Sodium does not include pantry salt; for reference, ⅛; teaspoon kosher salt per serving averages 240mg (10% DV). Not a significant source of trans fat. Packed in a facility that handles all major food allergens* and gluten.

*Milk, Eggs, Fish, Crustacean Shellfish, Tree Nuts, Peanuts, Wheat, Soybeans, Sesame.

Instructions

2-serving instructions (4-serving modifications in red)

Wash produce before use

1

Soak the cherries

In a small bowl, cover the dried cherries with 1 cup [2 cups] hot water and soak until softened, 8 to 10 minutes. Drain and reserve ¼ cup [½ cup] soaking liquid.
While the cherries soak, prepare the pork.

2

Prep and cook the pork

  • Pat the pork dry with a paper towel; season with salt and pepper.
In a large frying pan over medium-high heat, warm 1 to 2 tablespoons oil until hot but not smoking. Add the pork and cook, turning frequently, until browned but still faintly pink within, 8 to 10 minutes. Transfer to a plate. Wipe out the pan.
While the pork cooks, prepare the escarole and onion.

3

Char the escarole; make the cherry compote

  • Trim the root end from the escarole, keeping the core intact; cut the lettuce in half lengthwise.
  • Peel and thinly slice enough onion to measure 1 cup [2 cups].
In the same pan used for the pork, working in batches if needed, add the escarole, cut sides down, and cook over high heat until charred and slightly warm, 1 to 2 minutes. Transfer to a plate and season with salt and pepper.
In the same pan over medium-high heat, warm 2 to 3 teaspoons oil until hot but not smoking. Add the onion, season with salt and pepper, and cook, stirring occasionally, until softened, 3 to 4 minutes. Stir in the cherries and reserved soaking liquid and cook until warmed through, about 30 seconds.

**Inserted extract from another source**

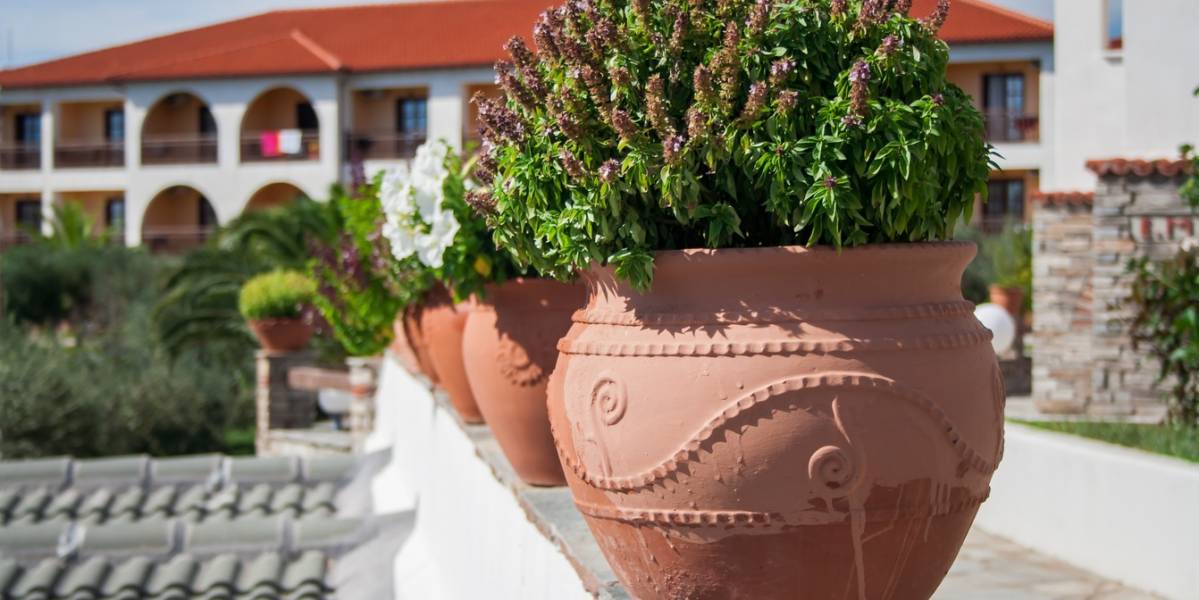 Топ-5 гостиниц и отелей в городе Святые Константин и Елена стоимость до 50 евро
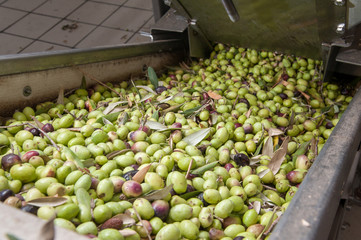 Conveyor belt of a modern oil mill carrying olives from the loading funnel to the defoliator machine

Remove from the heat and season to taste with salt and pepper.
While the escarole and cherry compote cook, prepare the relish.

4

Make the pecan-apple relish

  • Coarsely chop the pecans.
  • Core and coarsely chop the apple.
  • Strip the parsley leaves from the stems; coarsely chop the leaves.
In a medium bowl, stir together the pecans, apple, parsley, and 1 to 2 teaspoons oil; season to taste with salt and pepper.

Serve

Transfer the pork and escarole to individual plates. Spoon the cherry compote over the pork. Drizzle the escarole with half the “creamy” Dijon vinaigrette and top with the pecan-apple relish. Serve the remaining vinaigrette on the side.
Kids Can!
  • Measure the onion.
  • Strip the parsley leaves.
  • Stir the pecan-apple relish.
  • Spoon the cherry compote over the pork.
  • Drizzle the escarole with the vinaigrette.